As a sophomore, Fischer decided to study abroad in spring 2016 in Bangkok, a location he chose specifically for its non-English-speaking majority. He was able to apply his scholarships to study abroad at Thammasat University.
“I decided to go to Thailand because it would provide me the most unique and different experience, and I guess I was looking for growth in that sense,” he said.
Moving from a city of about 60,000 to a city of more than 8 million was an exercise in adaptability for Fischer. He and his new friends spent time outside of class visiting historical sites, exploring the nightlife, and traveling to surrounding cities and scenic islands to the south.
His Thai roommate introduced him to his family, giving Fischer a window to participate in a traditional Buddhist house-blessing ceremony during a family gathering.

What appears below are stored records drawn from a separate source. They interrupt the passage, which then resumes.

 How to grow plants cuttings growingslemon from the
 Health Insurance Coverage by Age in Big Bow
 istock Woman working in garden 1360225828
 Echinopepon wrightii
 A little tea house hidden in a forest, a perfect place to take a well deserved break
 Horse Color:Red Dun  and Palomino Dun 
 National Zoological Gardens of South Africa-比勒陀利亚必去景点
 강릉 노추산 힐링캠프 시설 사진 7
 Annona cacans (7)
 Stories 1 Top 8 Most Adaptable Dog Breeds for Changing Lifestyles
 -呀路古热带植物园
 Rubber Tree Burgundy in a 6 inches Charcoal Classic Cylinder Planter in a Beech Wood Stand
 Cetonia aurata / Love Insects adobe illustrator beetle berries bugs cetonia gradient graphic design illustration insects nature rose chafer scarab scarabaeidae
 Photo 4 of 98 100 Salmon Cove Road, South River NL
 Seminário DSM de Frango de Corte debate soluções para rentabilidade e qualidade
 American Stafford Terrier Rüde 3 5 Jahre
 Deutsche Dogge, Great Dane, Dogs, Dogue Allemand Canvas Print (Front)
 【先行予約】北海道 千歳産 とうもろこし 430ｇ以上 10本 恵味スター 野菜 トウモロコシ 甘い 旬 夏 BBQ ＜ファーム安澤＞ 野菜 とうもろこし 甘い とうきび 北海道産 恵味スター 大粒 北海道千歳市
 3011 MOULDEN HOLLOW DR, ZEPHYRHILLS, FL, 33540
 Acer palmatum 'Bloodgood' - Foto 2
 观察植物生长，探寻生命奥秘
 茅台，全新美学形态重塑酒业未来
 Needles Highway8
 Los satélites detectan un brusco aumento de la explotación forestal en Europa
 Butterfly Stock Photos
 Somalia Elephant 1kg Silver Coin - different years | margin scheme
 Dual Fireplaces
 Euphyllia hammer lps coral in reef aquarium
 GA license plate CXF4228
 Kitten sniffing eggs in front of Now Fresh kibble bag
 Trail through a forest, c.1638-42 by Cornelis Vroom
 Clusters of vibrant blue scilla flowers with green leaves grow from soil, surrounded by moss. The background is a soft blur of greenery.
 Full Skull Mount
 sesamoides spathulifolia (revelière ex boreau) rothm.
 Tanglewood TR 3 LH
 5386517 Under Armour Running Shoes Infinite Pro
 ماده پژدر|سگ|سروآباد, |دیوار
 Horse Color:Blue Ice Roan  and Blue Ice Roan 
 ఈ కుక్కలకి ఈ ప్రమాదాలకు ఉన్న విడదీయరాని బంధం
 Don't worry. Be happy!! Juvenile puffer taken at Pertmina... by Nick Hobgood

After the semester ended, Fischer organized a trip to Nepal through a website called Workaway, a cultural exchange program that pairs hosts with people interested in volunteering and working across the globe.
After a long, bumpy bus ride to the remote village of Mahadev Besi and amid language barriers and no cell service, Fischer managed to locate his host and begin his workaway. In exchange for free accommodations, Fischer worked at the host’s terraced farm for three weeks, tending livestock, installing piping and occasionally visiting the local primary school.
“Once I got back, it’s hard to solidify what exactly changed,” Fischer said. “I think just spending time in a new culture and being open to new experiences is really important. And when you travel, you always have travel problems, so it really helps you learn how to take things as they come and keep climbing over obstacles to see what’s over the next hill.”
After his return, Fischer connected with Professor Gigi Richard to conduct research on hydrology and stream management and soon hit the road again. In summer 2017, he traveled to the University of Alaska for a research program at the International Arctic Research Center. His research efforts at CMU before and after the summer in Alaska stood out, Richard said.
“Ross’ clever solutions, technical competence, patience, willingness to be uncomfortable and personable nature are all valuable attributes in a field assistant, and I will miss him greatly when he graduates,” Richard said.
As he prepared for graduation, Fischer again sought a new experience. He applied and was accepted as a Peace Corps volunteer in Tanzania, where he’ll learn Swahili and teach high school math for the next two years.
“He is excited about the potential to bring all of his experiences together to develop engineering solutions that solve daily challenges in the community where he will live,” said Associate Professor Ginger Ferguson. “And he is looking forward to figuring out who he will become after the Peace Corps and how his engineering skills can help others.”
In recognition of his efforts, Fischer was named the 2018 Outstanding Graduate for International Engagement by the College of Engineering and Applied Science.
After graduation, he plans to travel through Spain, Portugal and Germany to see family and friends. And on July 8, he’ll travel to Washington, D.C., en route to Tanzania for the next big adventure – curse or no curse.
“Having new experiences and trying to grow in places that make you uncomfortable is a pretty crucial part of life, I feel like,” Fischer said.